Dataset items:
Start of Block

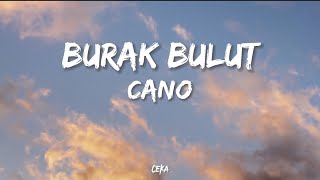 Burak Bulut - Cano ( Lyrics - Sözleri )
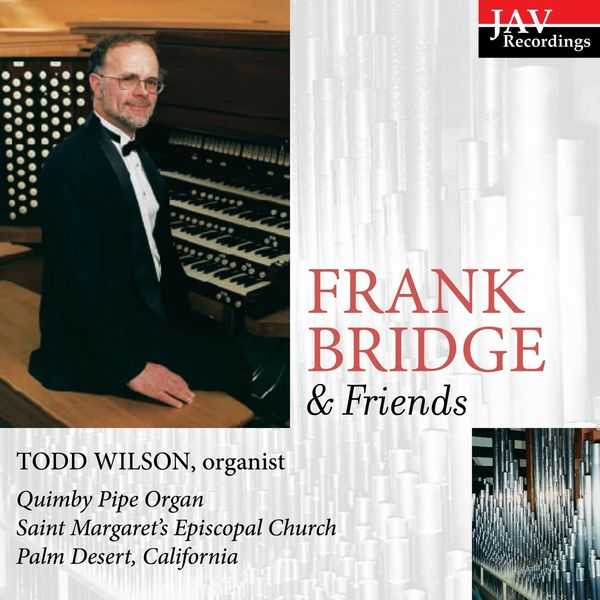 Todd Wilson: Frank Bridge & Friends (FLAC)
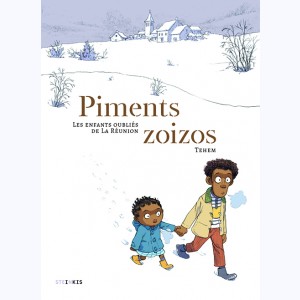 Piments Zoizos, Les enfants oubliés de la Réunion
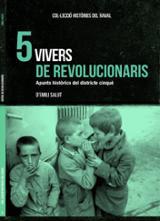 HISTÒRIES DEL RAVAL 5: VIVERS DE REVOLUCIONARIS | 9788412025798 | Cooperativa Cultural Rocaguinarda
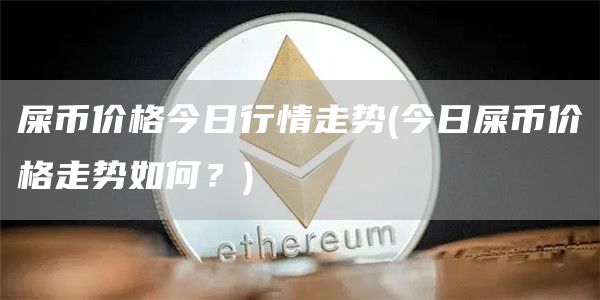 屎币价格今日行情走势 - 今日屎币价格走势如何？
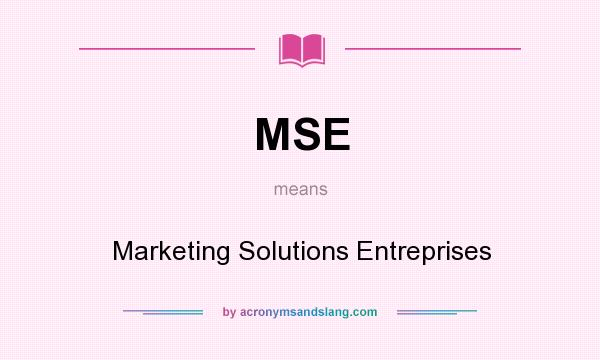 What does MSE mean? It stands for Marketing Solutions Entreprises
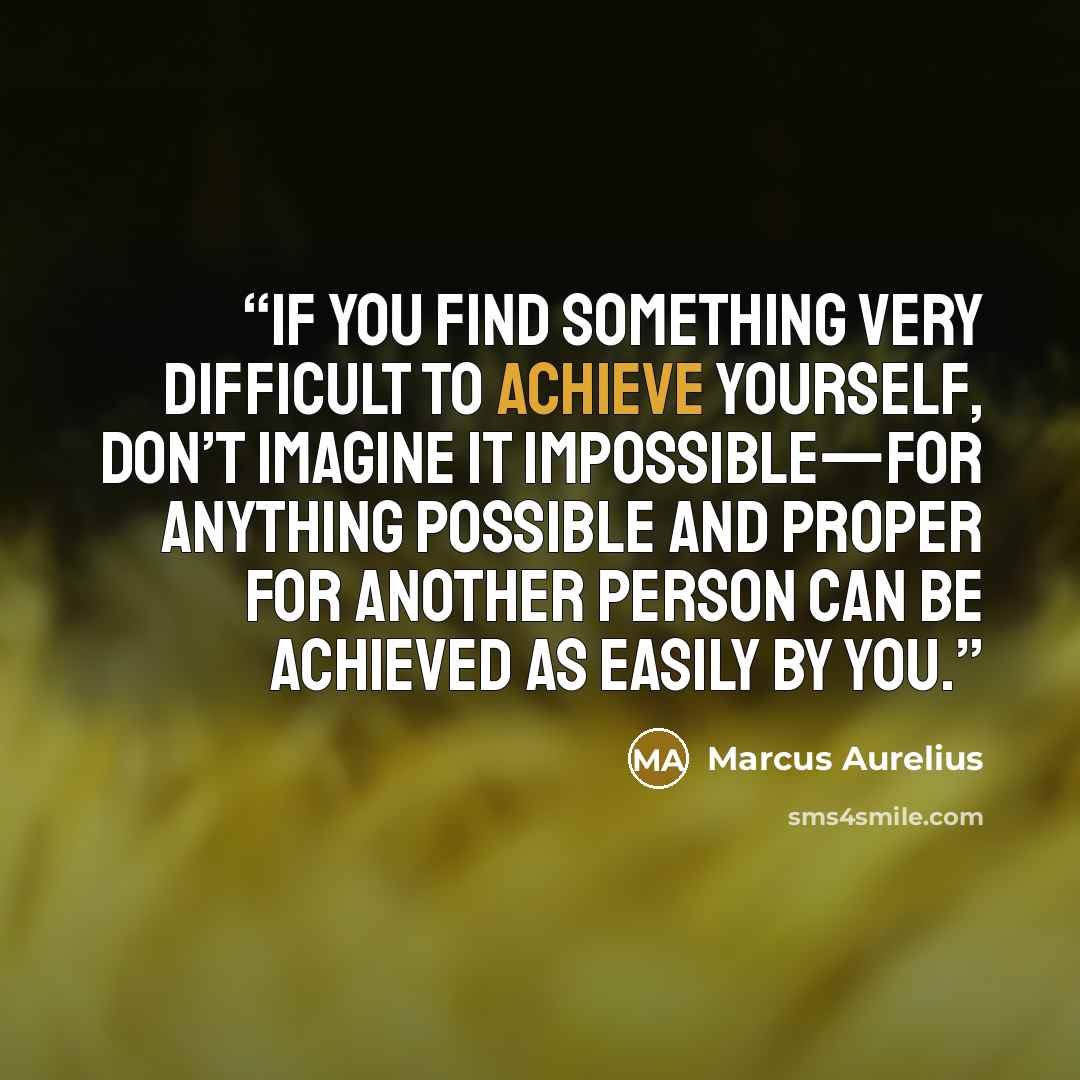 “If you find something very difficult to achieve yourself, don’t imagine it impossible—for anything possible and proper for another person can be achieved as easily by you.” quote by Marcus Aurelius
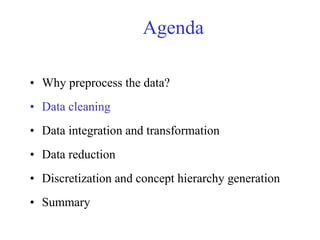Agenda
• Why preprocess the data?
• Data cleaning
• Data integration and transformation
• Data reduction
• Discretization and concept hierarchy generation
• Summary
 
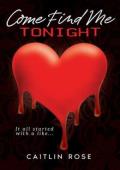 Come Find Me Tonight (Come to Me #1)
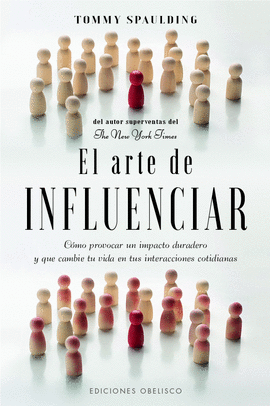 EL ARTE DE INFLUENCIAR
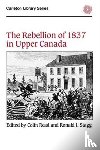 Read, Colin, Stagg, Ronald J. - The Rebellion of 1837 in Upper Canada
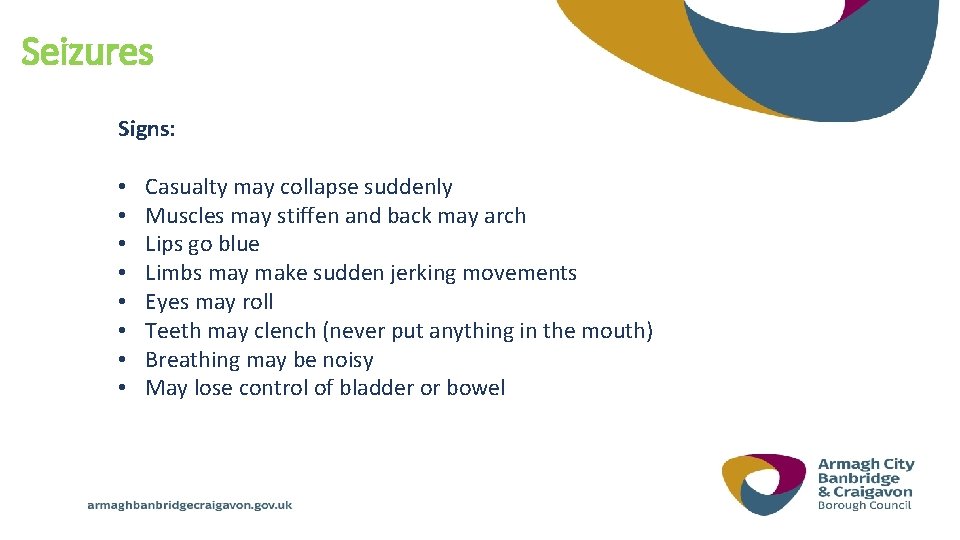 Seizures Signs: • • Casualty may collapse suddenly Muscles may stiffen and back may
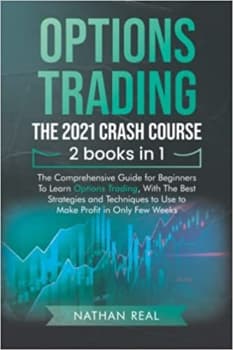 جلد معمولی سیاه و سفید_کتاب Options Trading: The 2021 CRASH COURSE (2 books in 1): The Comprehensive Guide for Beginners To Learn Options Trading, With The Best Strategies and Techniques to Use to Mak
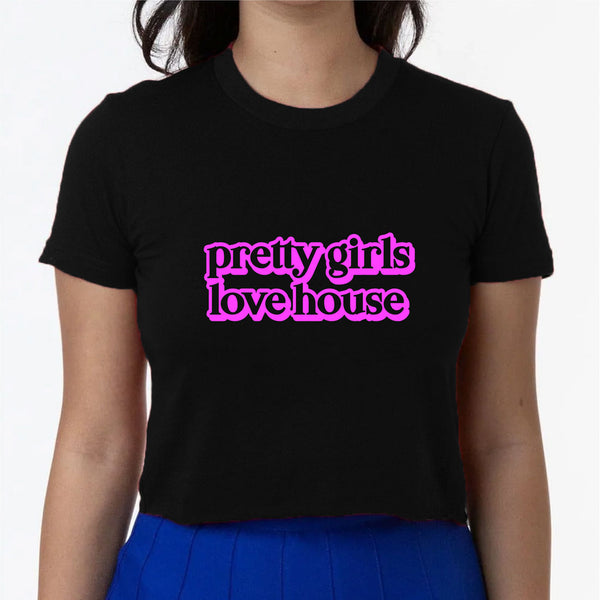 Shazam Pretty Girls Love House Crop Top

End of Block

Exercise brief: Copy exactly what appears in the entries, beginning with the first line and ending with the line that has "Seizures Signs: •", but not the pictures.

Solution:
 Burak Bulut - Cano ( Lyrics - Sözleri )
 Todd Wilson: Frank Bridge & Friends (FLAC)
 Piments Zoizos, Les enfants oubliés de la Réunion
 HISTÒRIES DEL RAVAL 5: VIVERS DE REVOLUCIONARIS | 9788412025798 | Cooperativa Cultural Rocaguinarda
 屎币价格今日行情走势 - 今日屎币价格走势如何？
 What does MSE mean? It stands for Marketing Solutions Entreprises
 “If you find something very difficult to achieve yourself, don’t imagine it impossible—for anything possible and proper for another person can be achieved as easily by you.” quote by Marcus Aurelius
Agenda
• Why preprocess the data?
• Data cleaning
• Data integration and transformation
• Data reduction
• Discretization and concept hierarchy generation
• Summary
 
 Come Find Me Tonight (Come to Me #1)
 EL ARTE DE INFLUENCIAR
 Read, Colin, Stagg, Ronald J. - The Rebellion of 1837 in Upper Canada
 Seizures Signs: • • Casualty may collapse suddenly Muscles may stiffen and back may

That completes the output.